“I’ll send it as soon as I can.” The call ended, leaving Jack about to jump out of his skin. Wherever that call had come from, he needed to get there. If Jess was being held captive, wouldn’t the kidnapper move her somewhere else if he knew someone was tracing them? He might not have much time to dial this in.
Probably a wrong number.
But it hadn’t felt like a wrong number. Jack knew that if Jessie was in danger, he would be her first call. Not nine-one-one, not Mom, not any of her friends. Him. He’d been her protector ever since…well, not since she was born. Initially, she’d just been an annoying red-faced baby. And then she’d turned into a watchful toddler who didn’t ever speak—“non-verbal,” his mother called it—but who cried silent tears if he didn’t share his toys.
No, he’d become her protector here on the island, when one day, after he scolded her for playing with his favorite toy race car, Jess had wandered into the woods and gotten lost.
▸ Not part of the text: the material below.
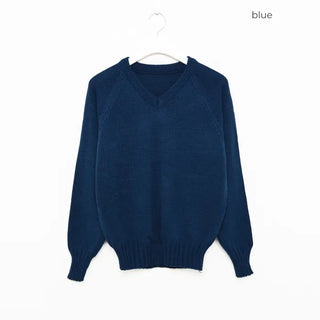 V-neck raglan sleeve knit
His mother had been frantic, hysterical. “You were supposed to watch her! It was only ten minutes while I took a shower! What is wrong with you?”
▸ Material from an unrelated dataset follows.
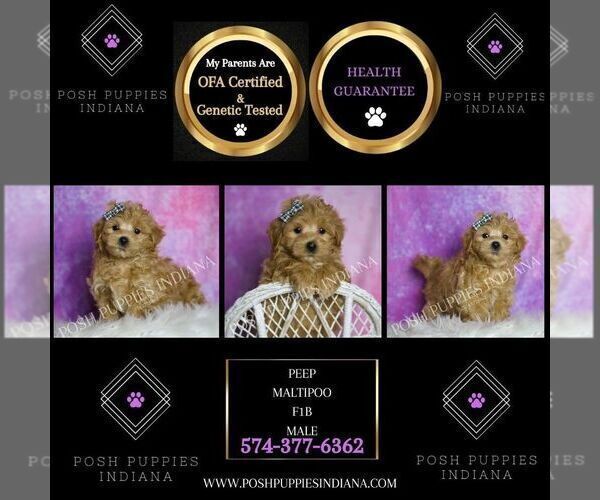 Medium Photo #2 Maltipoo (Miniature) Puppy For Sale in WARSAW, IN, USA
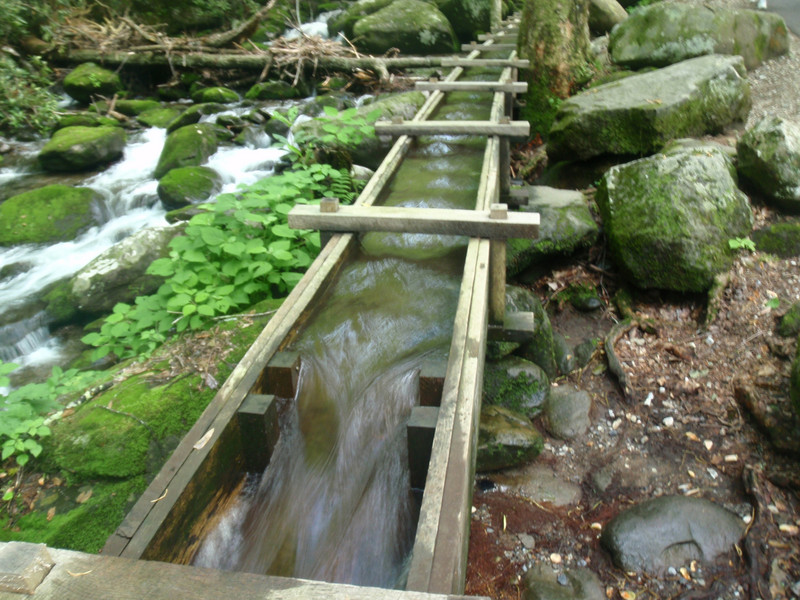 Alfred Reagan's gristmill trough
“I…I…” He’d been reading the new Batman Gotham Adventures, but he couldn’t admit to that.
“You know she’s not like other children.”
“Yeah, she’s dumb.” In his own panic, he’d lashed out. “She can’t even talk.” He himself talked all the time. He loved to talk, to the extent that he drove his parents nuts.
“She’s not dumb, she’s different. She has special needs.” He’d heard that term bandied about, but never known what it meant. “And she needs better from you.”
The disappointment in his mother’s teary gray eyes had cut through him like a knife. He’d jumped to his feet.
“I’ll find her.”
“No! You’ll get lost! Come back!” she’d yelled after him.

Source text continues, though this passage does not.